Book Character Evidence in the Courts of Classical Athens

Download or read book Character Evidence in the Courts of Classical Athens written by Vasileios Adamidis and published by Taylor & Francis. This book was released on 2016-11-25 with total page 244 pages. Available in PDF, EPUB and Kindle. Book excerpt: There has been much debate in scholarship over the factors determining the outcome of legal hearings in classical Athens. Specifically, there is divergence regarding the extent to which judicial panels were influenced by non-legal considerations in addition to, or even instead of, questions of law. Ancient rhetorical theory and practice devoted much attention to character and it is this aspect of Athenian law which forms the focus of this book. Close analysis of the dispute-resolution passages in ancient Greek literature reveals striking similarities with the rhetoric of litigants in the Athenian courts and thus helps to shed light on the function of the courts and the fundamental nature of Athenian law. The widespread use of character evidence in every aspect of argumentation can be traced to the Greek ideas of ‘character’ and ‘personality’, the inductive method of reasoning, and the social, political and institutional structures of the ancient Greek polis. According to the author’s proposed method of interpretation, character evidence was not a means of diverting the jury’s attention away from the legal issues; instead, it was a constructive and relevant way of developing a legal argument.

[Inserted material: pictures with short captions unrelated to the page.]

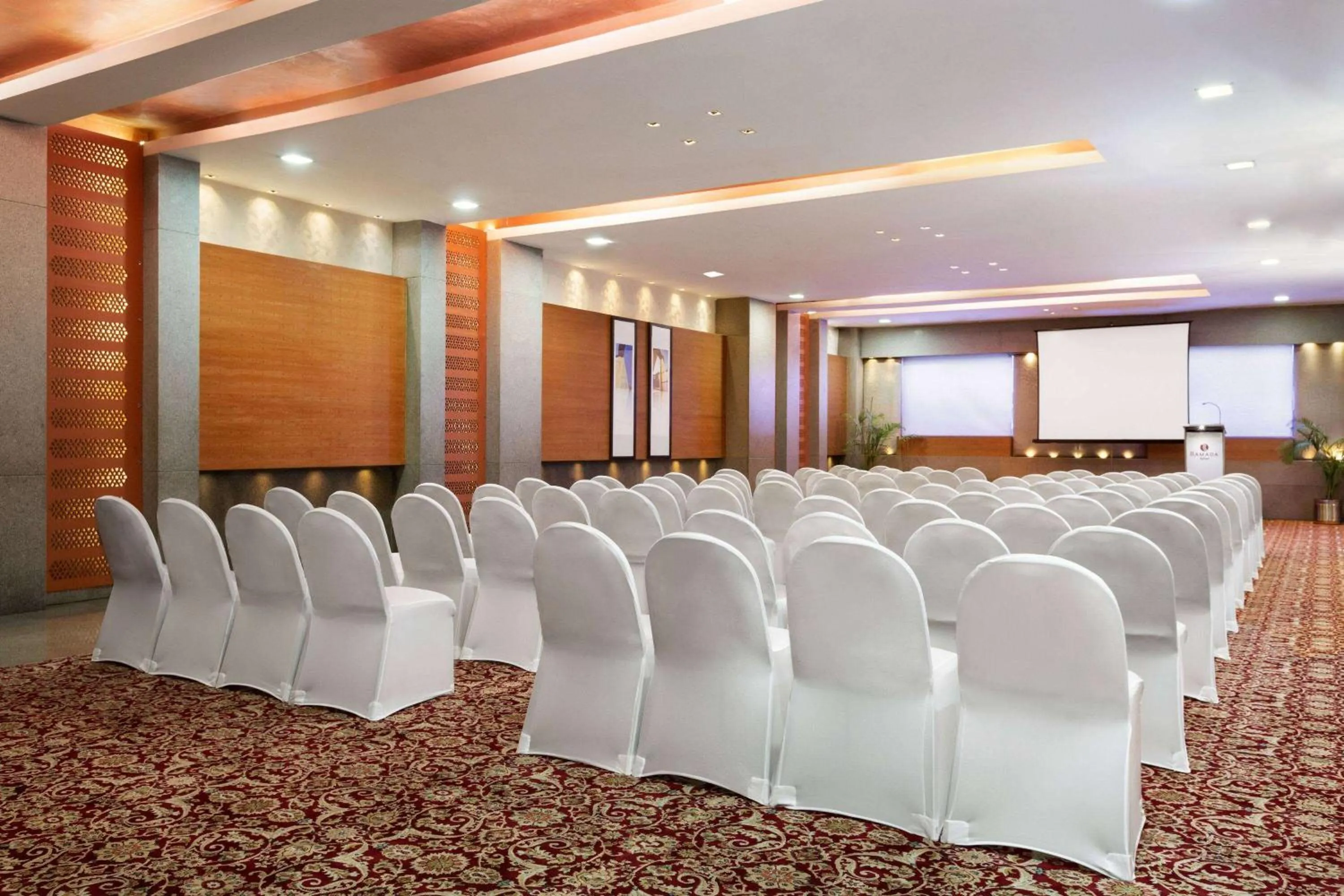 Banquet/Function facilities in Ramada Ajmer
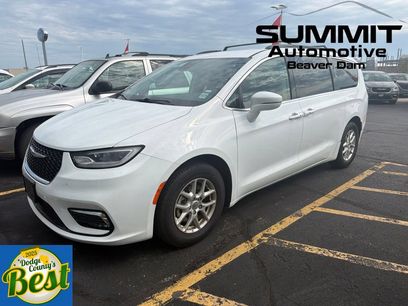 Used 2022 Chrysler Pacifica Touring-L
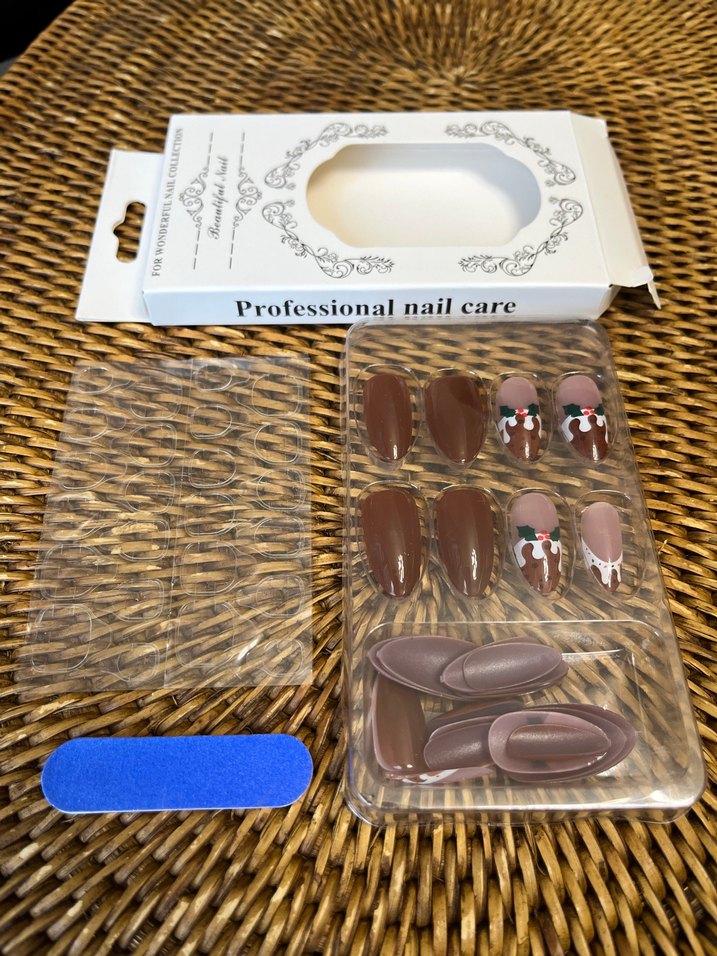 Kahverengi Desenli Takma Tırnak Seti - Görsel 4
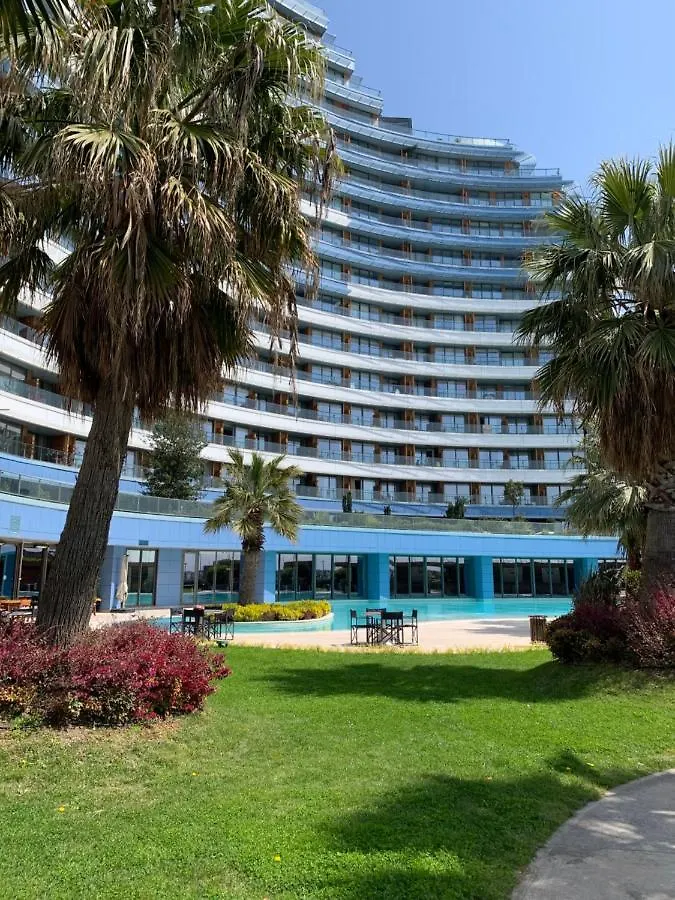 Flat For Rent In Complex With Sea View, Pool, Gym Istanbul Turkey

Book Law and Society in Classical Athens  Routledge Revivals

Download or read book Law and Society in Classical Athens Routledge Revivals written by Richard Garner and published by Routledge. This book was released on 2014-03-18 with total page 172 pages. Available in PDF, EPUB and Kindle. Book excerpt: Law and Society in Classical Athens, first published in 1987, traces the development of legal thought and its relation to Athenian values. Previously Athens’ courts have been regarded as chaotic, isolated from the rest of society and even bizarre. The importance of rhetoric and the mischief made by Aristophanes have devalued the legal process in the eyes of modern scholars, whilst the analysis of legal codes and practice has seemed dauntingly complex. Professor Garner aims to situate the Athenian legal system within the general context of abstract thought on justice and of the democratic politics of the fifth century. His work is a valuable source of information on all aspects of Athenian law and its relation to culture.